### REQUIREMENT:
Report every line below that has the string "Black" in it.

### PROVIDED ENTRIES:
◆ ◆ ◆ ◆ ◆
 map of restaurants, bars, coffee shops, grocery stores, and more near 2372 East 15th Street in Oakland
◆ ◆ ◆ ◆ ◆
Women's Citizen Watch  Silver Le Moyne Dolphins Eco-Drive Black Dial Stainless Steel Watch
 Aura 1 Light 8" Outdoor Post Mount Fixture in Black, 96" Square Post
◆ ◆ ◆ ◆ ◆
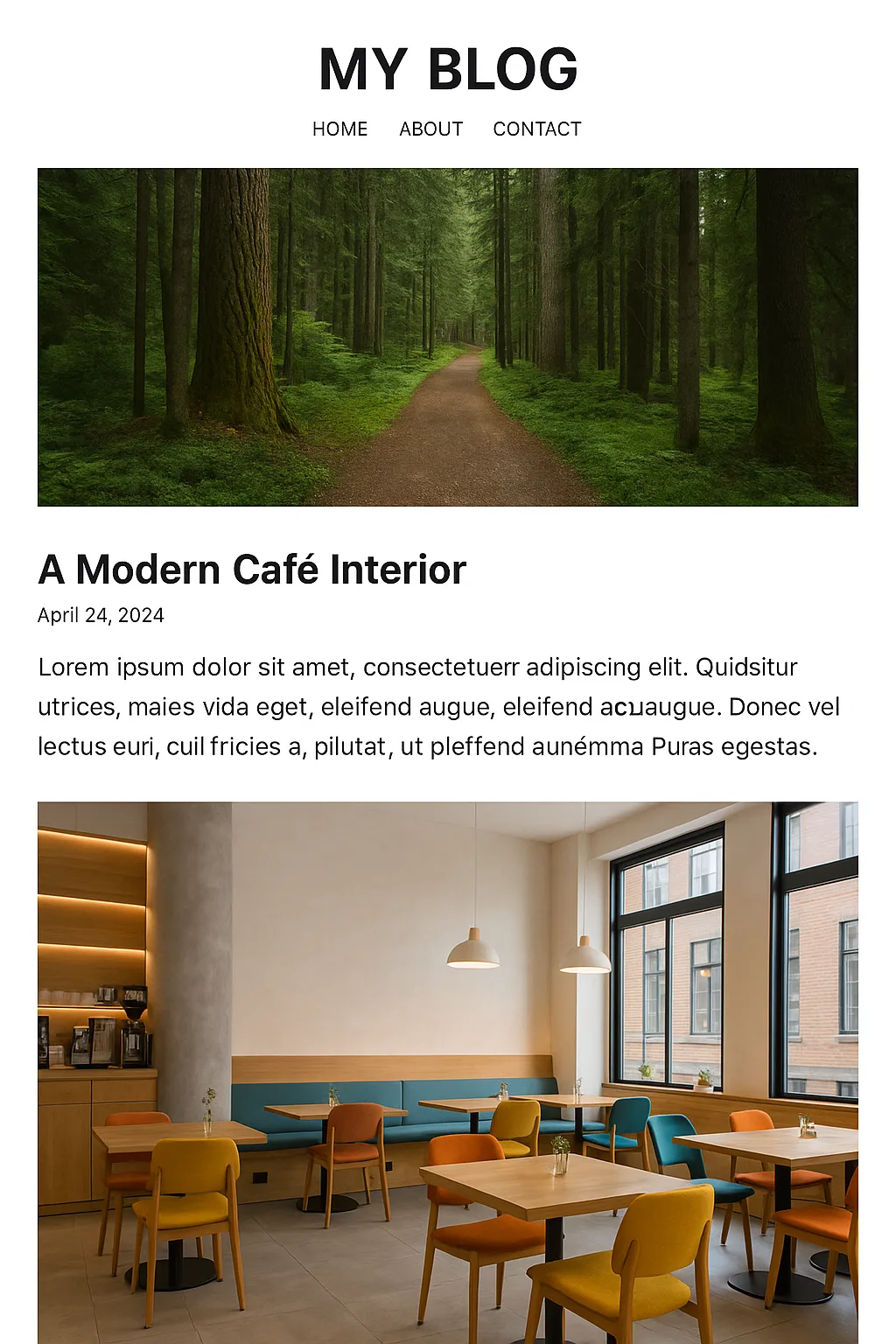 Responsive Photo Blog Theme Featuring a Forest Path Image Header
◆ ◆ ◆ ◆ ◆
### TASK ANSWER:
Women's Citizen Watch  Silver Le Moyne Dolphins Eco-Drive Black Dial Stainless Steel Watch
 Aura 1 Light 8" Outdoor Post Mount Fixture in Black, 96" Square Post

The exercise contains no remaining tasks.